On the other hand, I have observed a number of GA pilots (including instructors) taking far too long .. fine at cruise but a recipe for mishap whilse manoeuvring at lower levels ?

Centaurus

Thanks JT. You got it in one

Oktas8

To be quite blunt, I don't see the evidence of this failure mode being a major problem.

Human factors issues though... I can readily accept a need for improvement.

Training for good, quick, emergency response to a critical EF is difficult. I had a good ME instructor who once (near end of training) gave me an unbriefed EF during a radio call. I fixated very nicely on the radio call and learned a good lesson from the result.

Not sure how to fix that problem though, except the same way it was fixed with me. Better instruction.

john_tullamarine

I had a good ME instructor who once (near end of training) gave me an unbriefed EF during a radio call. I fixated very nicely on the radio call and learned a good lesson from the result.
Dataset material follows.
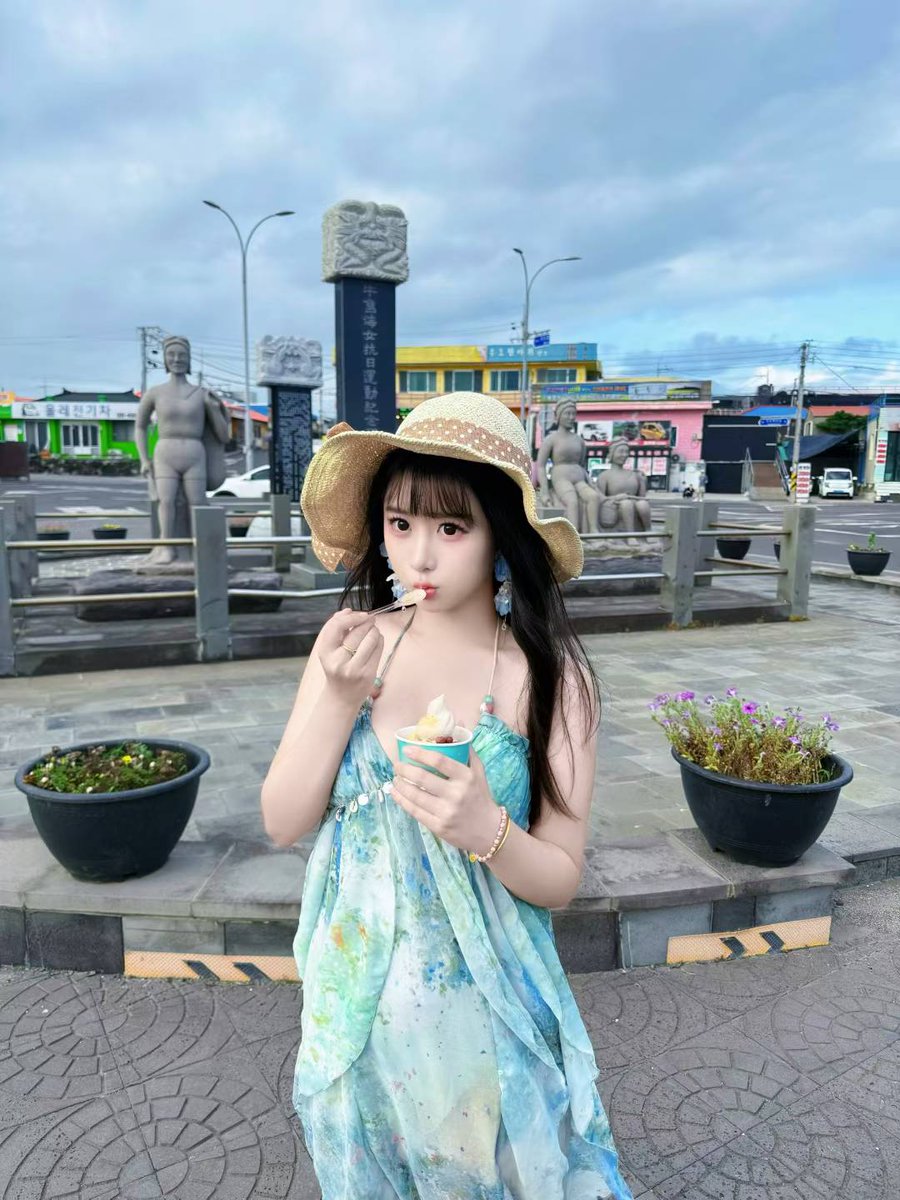 Aleena tweet media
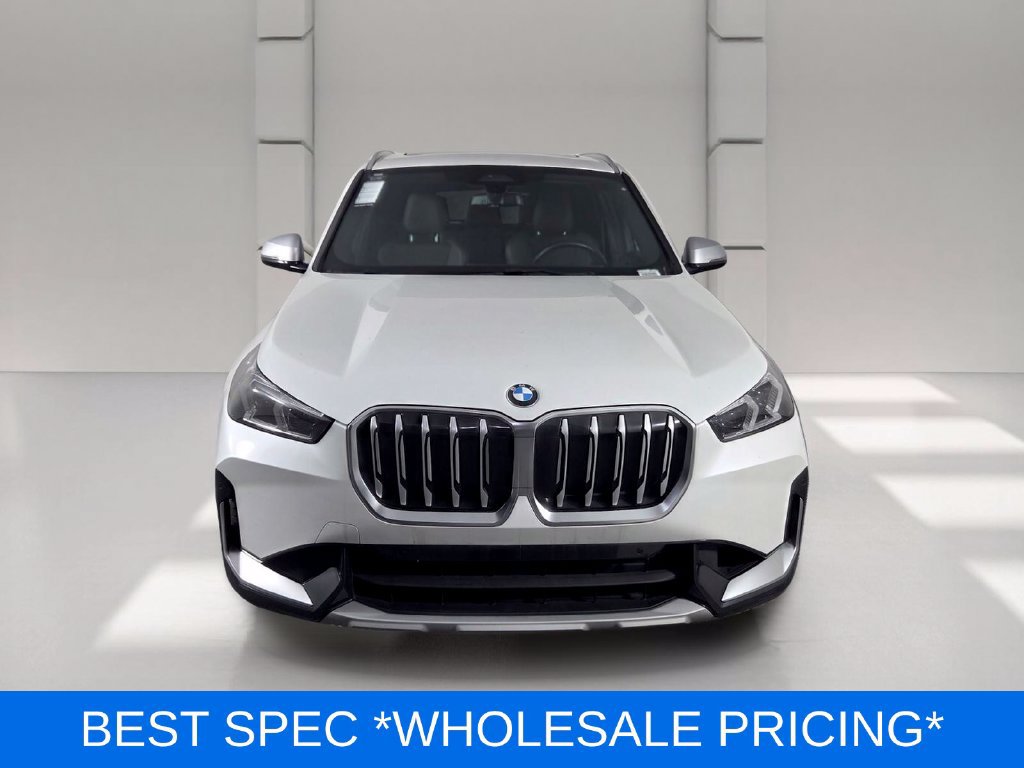 Used 2023 BMW X1 xDrive28i w/ Convenience Package AWD/4WD image 3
Likewise, shortly after check to the line on my first airline Type, the line captain - a positioning flight with only the two of us on board - pulled an engine on me during the rotation - night but visual.

Bit different when one isn't expecting it, is it not ?

Not terribly good form on his part in the general way of things but the exercise certainly made a good point regarding prioritisation and command thinking - stayed with me thereafter. (Fortunately, I did the appropriate things and it went well.)

Not sure how to fix that problem though, except the same way it was fixed with me. Better instruction

I suggest training and repetitious exposure in a safe environment .. and then a bit more of the same.

How many times, in our early Link training, did the instructor come to the hatch with a coffee (or other innovative distraction) .. just in time to see us go through the level, radial, or whatever ? Eventually, we all got the message - some quicker than others.

The FFS offers a wonderful tool for this sort of conditioning work.

A Squared

You're taking that comment out of context. That was referring specifically to an engine failure of such a nature that oil pressure would be lost, but the propeller would *not* feather. Given the mechanics of a light twin feathering system, *that* specific event has a very low probability.